The Auvergne-Rhône-Alpes Region launches the “Clairefontaine” of gastronomy

Following on from the French victory in the 2021 Bocuse d’Or competition during the SIRHA food show in Lyon, Laurent WAUQUIEZ today announced the creation of an Auvergne-Rhône-Alpes Centre of Excellence for Gastronomy and the Culinary Trades, which will enable French professionals from these sectors to prepare for international competitions under optimum conditions. This Centre of Excellence will be built in partnership with Institut Paul Bocuse, located in Écully, and the Campus de Groisy in Haute-Savoie.

A CENTre of excellence of the gastronomy …

 

During the presentation of Team France at the Bocuse d’Or competition in 2021, led by Davy TISSOT, Laurent WAUQUIEZ announced that he wanted to create a “Clairefontaine” for gastronomy. On the basis of the observation that French competitors have far inferior preparation conditions to their foreign competitors, the objective of this project is to offer an ideal setting for our French talents by creating a centre specifically devoted to the preparation of major international competitions.

In partnership with Institut Paul Bocuse (Rhône) and the Campus de Groisy (Haute-Savoie), two iconic institutions representing our region’s gastronomic know-how, the Region is proud to announce the creation of an Auvergne-Rhône-Alpes Centre of Excellence for Gastronomy and the Culinary Trades, which it will finance to the tune of 20 million euros.

In practical terms, the Centre will take the form of two campuses. The first, located in Ecully, on a site adjoining the Institut Paul Bocuse campus, will be devoted to the culinary and pastry-making professions. This site will comprise two buildings. The first will house the kitchens, events, logistics and offices. The second will house a 40-bed residence, a sports hall, a bar and a restaurant.

The second site will be located on the Campus de Groisy and will be devoted to the bakery, butchery, delicatessen, catering, primeur, cheese-making and food service professions. Its construction will allow for the development of laboratories, reception areas, offices and accommodation.

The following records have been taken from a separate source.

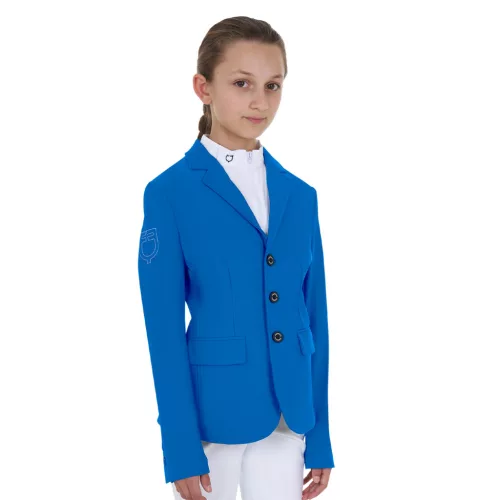 Gyerek unisex háromgombos versenyzakó Equestro X FISE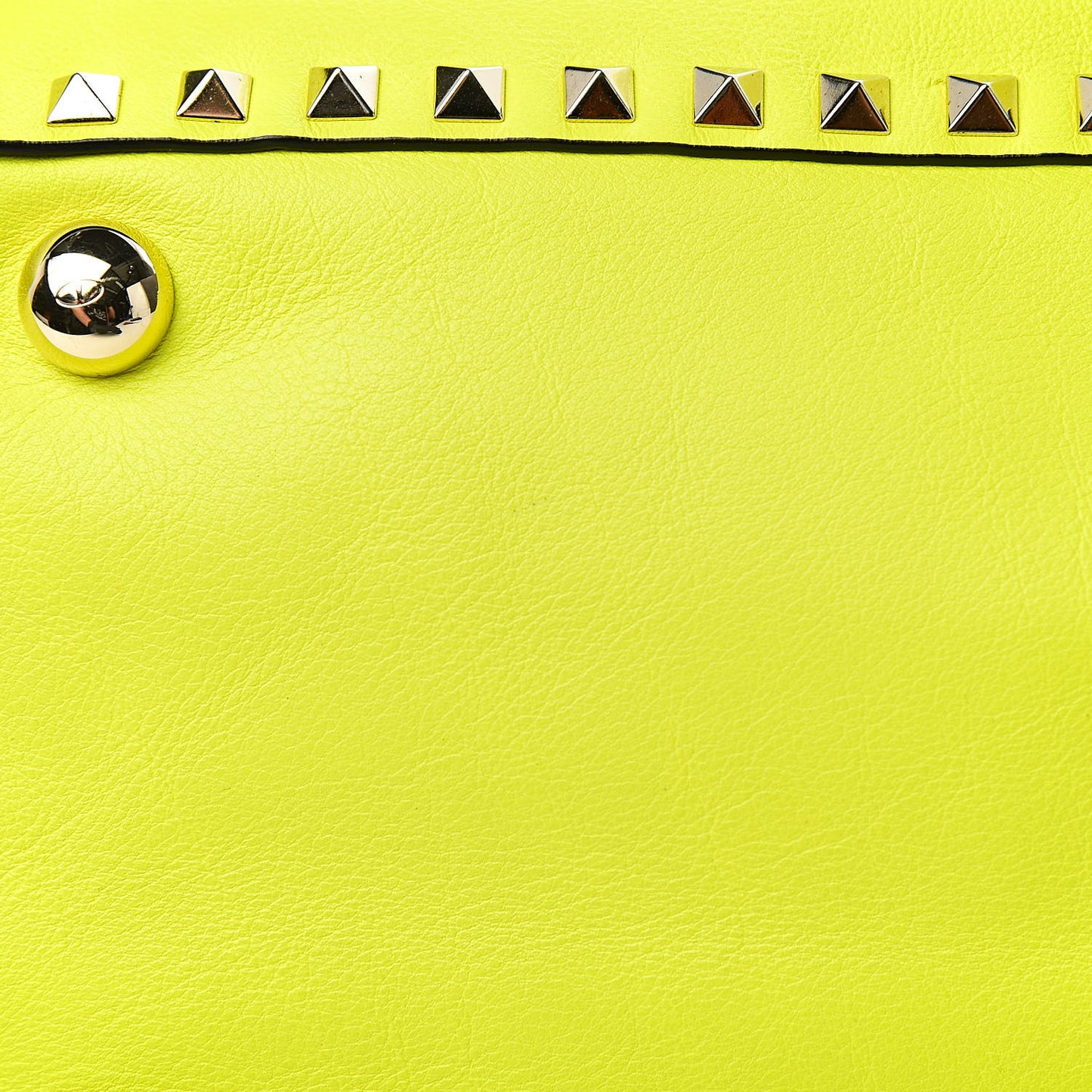 Vitello Medium Rockstud Tote Yellow Fluo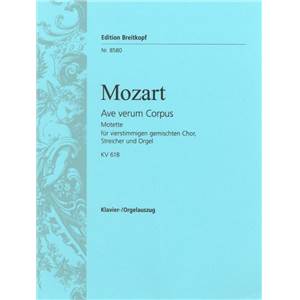 MOZART W.A. - AVE VERUM CORPUS KV618 CHANT(SATB)/PIANO
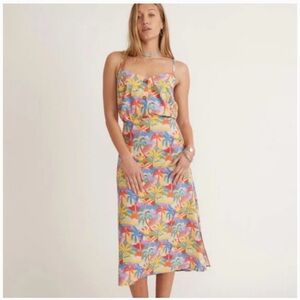 Marine Layer Multicolor Tropical Skirt Set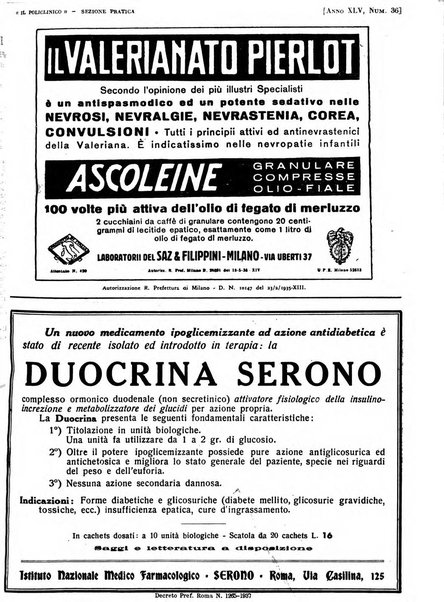 Il policlinico. Sezione pratica periodico di medicina, chirurgia e igiene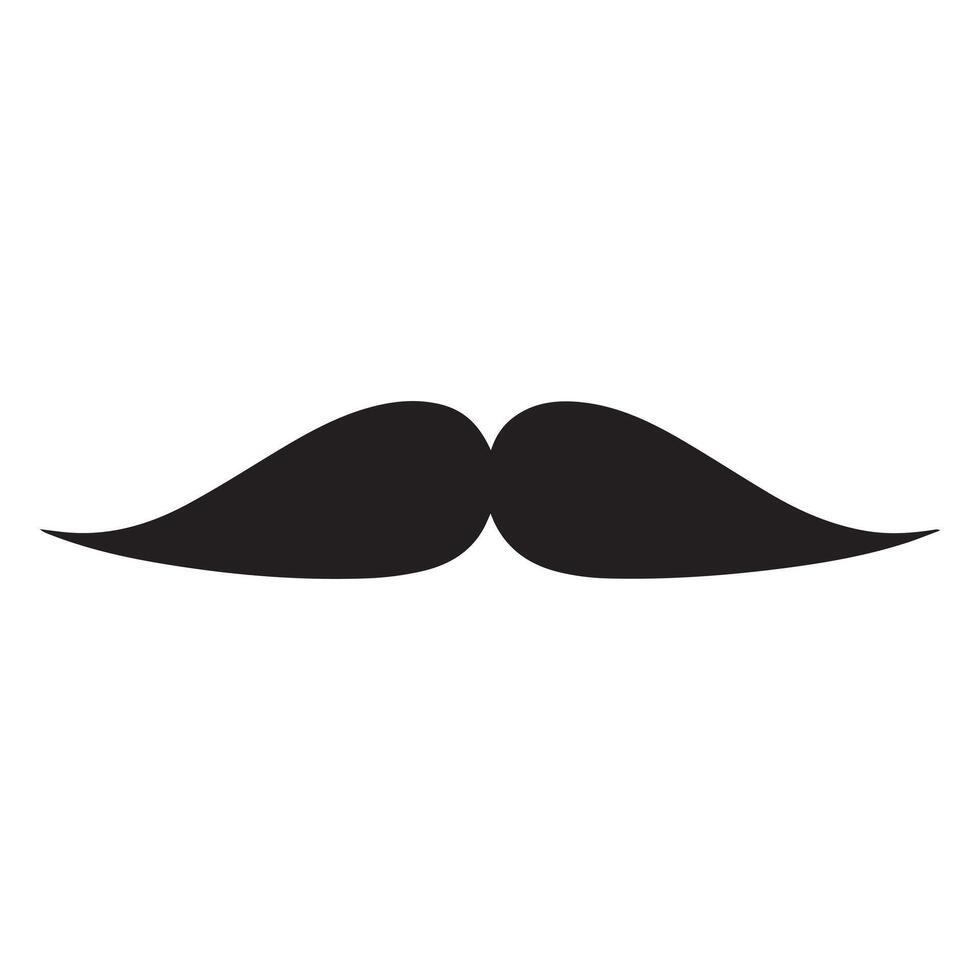A mustache silhouette - mustache illustration in black and white vector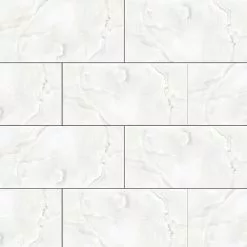 BAUHAUS Feinsteinzeugfliese Onix Cloud 60 X 120 Cm, Weiß/Grau, Glänzend -Angebote Fliesen Store 12 1077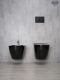 Унитаз подвесной Gid Tr2198-18 62204Y черная глянцевая 49x36x35.5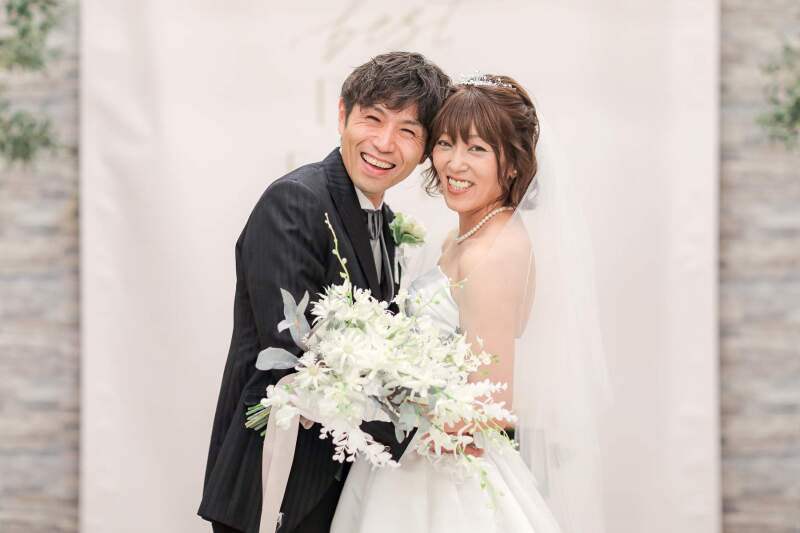 おふたりの寄り添いショット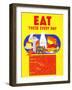 Eat These Every Day-null-Framed Art Print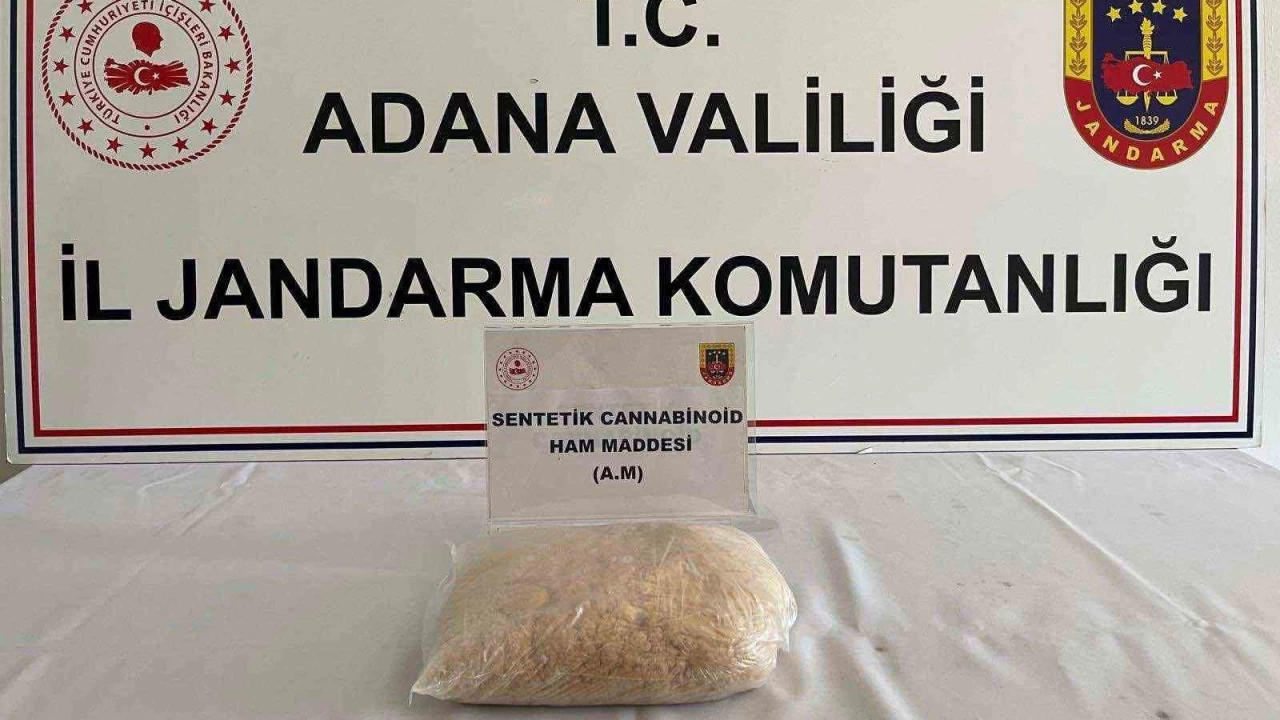 Adana'da kilolarca bonzai ham maddesi ele geçirildi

The governance of the Centre will be ensured by an association led by Institut Paul Bocuse and the Campus de Groisy, guaranteeing flexible management and a balance between the two structures. In addition, a Steering Committee will be set up, bringing together representatives from the public sector, industry professionals, and the two project leaders, to define the strategic direction and operational guidelines for the Centre.

… FOR FRENCH CULINARY STANDING

 

By attracting the best talents in France, this leading Centre of Excellence will be a breeding ground for future ambassadors of the know-how and excellence of our country’s gastronomic heritage.

“All over the world, when we think of France, we think of gastronomy. Our traditions, our know-how, our great chefs, make it possible for our country to shine on the international scene. And yet when our best talents take part in major international competitions, they are less well supported and supervised than their competitors.  This is unthinkable and does not live up to the expectations of the successors of Paul Bocuse and Joël Robuchon. By creating this Centre of Excellence, we are going to set up a veritable Clairefontaine of gastronomy allowing our chefs to prepare and train under the best possible conditions. When we discussed this project with Davy TISSOT, it was obvious to me that this Centre should be located in Auvergne-Rhône-Alpes, the leading region for gastronomy. It will soon be a reality thanks to the partnership we have concluded with Institut Paul Bocuse and the Campus de Groisy, two outstanding institutions in our region. It is with great pride that we are launching this project which will allow us to promote the diversity of our traditions and our art of living”, says Laurent WAUQUIEZ, President of the Auvergne-Rhône-Alpes Regional Authority.